Saturday, February 22, 2020

I Lift My Lamp

As my relentless purging of reading material continues, I came upon yet another book I didn't know I had.

Called Famous Americans, it's one of those Dover Clip Art books. There are 75 pages of famous folks, mostly men. The woman who are featured are largely president's wives. However, there were a handful of others, and these were the women who intrigued me.

I decided one of them would be the subject of this blog. Without looking at the names, I peered at each picture until I came to one that stopped me. Then I looked at her name and claim to fame.

It was Emma Lazarus, 1849-1887.

Emma is the poet who wrote the words that appear at the base of the Statue of Liberty, part of a sonnet she penned entitled The New Colossus. The piece was written in 1883 and donated to an organization that auctioned it off to raise money to help pay for construction of the pedestal for the Statue of Liberty. (The French provided the statue, but not the base). A bronze plaque with the words to The New Colossus was affixed to the pedestal in 1903, six years after Emma's death from Hodgkin's Lymphoma. 

Born into a wealthy Jewish family with roots firmly planted in America (she had ancestors that landed here way before the Revolutionary War), Emma enjoyed a private education and comfortable home life. Her love of words was evident from an early age, and with her father's help, a book of her early poetry was published in 1867. She continued to write poetry and prose all her life. 


In her later years, Emma began to explore her Jewish heritage. She was appalled by the Russian pogroms in 1881 that followed Tsar Alexander's assassination. She began to advocate on behalf of destitute Jewish immigrants, helping to establish the Hebrew Technical Institute in New York, which provided vocational training. She also founded the Society of the Improvement and Colonization of East European Jews.

Emma was just 38 when she died. But she certainly made the most of the years she had.

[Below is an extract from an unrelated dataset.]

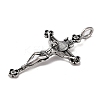 Tibetan Style Alloy Pendants FIND-B040-03AS-2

Here is Emma Lazarus' sonnet, in its entirety:


The New Colossus
Not like the brazen giant of Greek fame,
With conquering limbs astride from land to land;
Here at our sea-washed, sunset gates shall stand
A mighty woman with a torch, whose flame
Is the imprisoned lightning, and her name
Mother of Exiles. From her beacon-hand
Glows world-wide welcome; her mild eyes command
The air-bridged harbor that twin cities frame.
"Keep, ancient lands, your storied pomp!" cries she
With silent lips. 
"Give me your tired, your poor,
Your huddled masses yearning to breathe free,
The wretched refuse of your teeming shore.
Send these, the homeless, tempest-tost to me,
I lift my lamp beside the golden door!"